Each line of the data has to be written out again exactly as shown.

Data items
········

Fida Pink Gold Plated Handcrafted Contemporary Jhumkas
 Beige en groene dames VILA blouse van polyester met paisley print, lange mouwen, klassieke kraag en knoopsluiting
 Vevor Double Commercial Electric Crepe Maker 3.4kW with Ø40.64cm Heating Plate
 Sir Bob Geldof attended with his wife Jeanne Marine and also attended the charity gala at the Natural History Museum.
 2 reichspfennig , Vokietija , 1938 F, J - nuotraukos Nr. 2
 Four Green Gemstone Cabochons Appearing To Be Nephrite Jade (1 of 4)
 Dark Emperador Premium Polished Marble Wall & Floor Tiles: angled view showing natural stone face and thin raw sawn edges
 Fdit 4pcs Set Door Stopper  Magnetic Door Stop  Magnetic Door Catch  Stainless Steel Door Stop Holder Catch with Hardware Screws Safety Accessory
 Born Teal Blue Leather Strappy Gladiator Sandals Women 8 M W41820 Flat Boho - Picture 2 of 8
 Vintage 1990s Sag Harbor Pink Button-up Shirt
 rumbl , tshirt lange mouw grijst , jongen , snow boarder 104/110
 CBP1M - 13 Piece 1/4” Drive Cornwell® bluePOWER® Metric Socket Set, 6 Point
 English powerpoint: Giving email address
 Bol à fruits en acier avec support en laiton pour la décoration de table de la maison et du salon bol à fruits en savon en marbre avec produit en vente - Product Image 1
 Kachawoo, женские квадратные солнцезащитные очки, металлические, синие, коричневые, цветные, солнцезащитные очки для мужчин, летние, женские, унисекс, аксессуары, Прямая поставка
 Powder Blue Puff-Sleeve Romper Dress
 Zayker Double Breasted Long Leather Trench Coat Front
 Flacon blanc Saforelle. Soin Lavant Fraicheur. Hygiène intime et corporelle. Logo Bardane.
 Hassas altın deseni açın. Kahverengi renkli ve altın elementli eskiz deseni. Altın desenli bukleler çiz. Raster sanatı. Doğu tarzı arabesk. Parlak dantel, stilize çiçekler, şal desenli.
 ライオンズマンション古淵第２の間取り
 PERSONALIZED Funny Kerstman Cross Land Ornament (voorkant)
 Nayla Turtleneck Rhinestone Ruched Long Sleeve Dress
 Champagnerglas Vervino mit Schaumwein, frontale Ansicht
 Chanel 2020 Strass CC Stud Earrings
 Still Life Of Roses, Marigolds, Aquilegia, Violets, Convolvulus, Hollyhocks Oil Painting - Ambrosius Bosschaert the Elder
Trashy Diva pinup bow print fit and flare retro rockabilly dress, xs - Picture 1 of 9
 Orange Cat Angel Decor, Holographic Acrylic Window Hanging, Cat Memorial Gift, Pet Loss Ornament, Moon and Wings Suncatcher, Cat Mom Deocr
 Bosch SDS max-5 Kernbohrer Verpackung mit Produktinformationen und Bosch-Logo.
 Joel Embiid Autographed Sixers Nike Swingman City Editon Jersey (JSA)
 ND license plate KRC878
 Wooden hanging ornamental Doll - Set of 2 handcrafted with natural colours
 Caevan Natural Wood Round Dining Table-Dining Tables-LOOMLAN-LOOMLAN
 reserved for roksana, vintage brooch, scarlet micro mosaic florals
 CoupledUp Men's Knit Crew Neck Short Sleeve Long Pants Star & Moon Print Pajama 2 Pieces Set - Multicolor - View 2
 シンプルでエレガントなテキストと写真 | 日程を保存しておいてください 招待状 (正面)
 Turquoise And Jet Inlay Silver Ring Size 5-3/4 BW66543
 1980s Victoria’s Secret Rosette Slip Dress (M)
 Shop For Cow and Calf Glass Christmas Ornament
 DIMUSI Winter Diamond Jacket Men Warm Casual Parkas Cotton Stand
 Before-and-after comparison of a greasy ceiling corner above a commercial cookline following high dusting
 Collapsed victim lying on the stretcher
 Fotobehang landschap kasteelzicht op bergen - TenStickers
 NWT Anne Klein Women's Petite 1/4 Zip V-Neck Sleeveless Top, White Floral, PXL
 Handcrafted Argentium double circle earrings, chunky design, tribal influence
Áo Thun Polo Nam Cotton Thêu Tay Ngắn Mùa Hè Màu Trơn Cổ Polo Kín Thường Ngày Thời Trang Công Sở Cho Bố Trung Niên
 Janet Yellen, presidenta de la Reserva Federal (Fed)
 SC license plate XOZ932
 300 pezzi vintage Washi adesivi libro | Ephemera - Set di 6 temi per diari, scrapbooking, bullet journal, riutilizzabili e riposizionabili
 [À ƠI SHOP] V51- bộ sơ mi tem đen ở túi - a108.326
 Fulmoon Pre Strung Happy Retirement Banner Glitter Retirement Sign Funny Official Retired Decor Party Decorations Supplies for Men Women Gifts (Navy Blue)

········

*Response:*
Fida Pink Gold Plated Handcrafted Contemporary Jhumkas
 Beige en groene dames VILA blouse van polyester met paisley print, lange mouwen, klassieke kraag en knoopsluiting
 Vevor Double Commercial Electric Crepe Maker 3.4kW with Ø40.64cm Heating Plate
 Sir Bob Geldof attended with his wife Jeanne Marine and also attended the charity gala at the Natural History Museum.
 2 reichspfennig , Vokietija , 1938 F, J - nuotraukos Nr. 2
 Four Green Gemstone Cabochons Appearing To Be Nephrite Jade (1 of 4)
 Dark Emperador Premium Polished Marble Wall & Floor Tiles: angled view showing natural stone face and thin raw sawn edges
 Fdit 4pcs Set Door Stopper  Magnetic Door Stop  Magnetic Door Catch  Stainless Steel Door Stop Holder Catch with Hardware Screws Safety Accessory
 Born Teal Blue Leather Strappy Gladiator Sandals Women 8 M W41820 Flat Boho - Picture 2 of 8
 Vintage 1990s Sag Harbor Pink Button-up Shirt
 rumbl , tshirt lange mouw grijst , jongen , snow boarder 104/110
 CBP1M - 13 Piece 1/4” Drive Cornwell® bluePOWER® Metric Socket Set, 6 Point
 English powerpoint: Giving email address
 Bol à fruits en acier avec support en laiton pour la décoration de table de la maison et du salon bol à fruits en savon en marbre avec produit en vente - Product Image 1
 Kachawoo, женские квадратные солнцезащитные очки, металлические, синие, коричневые, цветные, солнцезащитные очки для мужчин, летние, женские, унисекс, аксессуары, Прямая поставка
 Powder Blue Puff-Sleeve Romper Dress
 Zayker Double Breasted Long Leather Trench Coat Front
 Flacon blanc Saforelle. Soin Lavant Fraicheur. Hygiène intime et corporelle. Logo Bardane.
 Hassas altın deseni açın. Kahverengi renkli ve altın elementli eskiz deseni. Altın desenli bukleler çiz. Raster sanatı. Doğu tarzı arabesk. Parlak dantel, stilize çiçekler, şal desenli.
 ライオンズマンション古淵第２の間取り
 PERSONALIZED Funny Kerstman Cross Land Ornament (voorkant)
 Nayla Turtleneck Rhinestone Ruched Long Sleeve Dress
 Champagnerglas Vervino mit Schaumwein, frontale Ansicht
 Chanel 2020 Strass CC Stud Earrings
 Still Life Of Roses, Marigolds, Aquilegia, Violets, Convolvulus, Hollyhocks Oil Painting - Ambrosius Bosschaert the Elder
Trashy Diva pinup bow print fit and flare retro rockabilly dress, xs - Picture 1 of 9
 Orange Cat Angel Decor, Holographic Acrylic Window Hanging, Cat Memorial Gift, Pet Loss Ornament, Moon and Wings Suncatcher, Cat Mom Deocr
 Bosch SDS max-5 Kernbohrer Verpackung mit Produktinformationen und Bosch-Logo.
 Joel Embiid Autographed Sixers Nike Swingman City Editon Jersey (JSA)
 ND license plate KRC878
 Wooden hanging ornamental Doll - Set of 2 handcrafted with natural colours
 Caevan Natural Wood Round Dining Table-Dining Tables-LOOMLAN-LOOMLAN
 reserved for roksana, vintage brooch, scarlet micro mosaic florals
 CoupledUp Men's Knit Crew Neck Short Sleeve Long Pants Star & Moon Print Pajama 2 Pieces Set - Multicolor - View 2
 シンプルでエレガントなテキストと写真 | 日程を保存しておいてください 招待状 (正面)
 Turquoise And Jet Inlay Silver Ring Size 5-3/4 BW66543
 1980s Victoria’s Secret Rosette Slip Dress (M)
 Shop For Cow and Calf Glass Christmas Ornament
 DIMUSI Winter Diamond Jacket Men Warm Casual Parkas Cotton Stand
 Before-and-after comparison of a greasy ceiling corner above a commercial cookline following high dusting
 Collapsed victim lying on the stretcher
 Fotobehang landschap kasteelzicht op bergen - TenStickers
 NWT Anne Klein Women's Petite 1/4 Zip V-Neck Sleeveless Top, White Floral, PXL
 Handcrafted Argentium double circle earrings, chunky design, tribal influence
Áo Thun Polo Nam Cotton Thêu Tay Ngắn Mùa Hè Màu Trơn Cổ Polo Kín Thường Ngày Thời Trang Công Sở Cho Bố Trung Niên
 Janet Yellen, presidenta de la Reserva Federal (Fed)
 SC license plate XOZ932
 300 pezzi vintage Washi adesivi libro | Ephemera - Set di 6 temi per diari, scrapbooking, bullet journal, riutilizzabili e riposizionabili
 [À ƠI SHOP] V51- bộ sơ mi tem đen ở túi - a108.326
 Fulmoon Pre Strung Happy Retirement Banner Glitter Retirement Sign Funny Official Retired Decor Party Decorations Supplies for Men Women Gifts (Navy Blue)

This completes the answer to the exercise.